Exercise data
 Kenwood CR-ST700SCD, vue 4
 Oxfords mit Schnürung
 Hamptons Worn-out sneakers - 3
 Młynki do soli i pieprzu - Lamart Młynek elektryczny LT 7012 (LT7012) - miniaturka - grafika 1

Exercise directions
Find where "Hamptons Worn-out sneakers - 3" occurs in the data, and please write out that line through the last line exactly, with nothing else.

Solution
 Hamptons Worn-out sneakers - 3
 Młynki do soli i pieprzu - Lamart Młynek elektryczny LT 7012 (LT7012) - miniaturka - grafika 1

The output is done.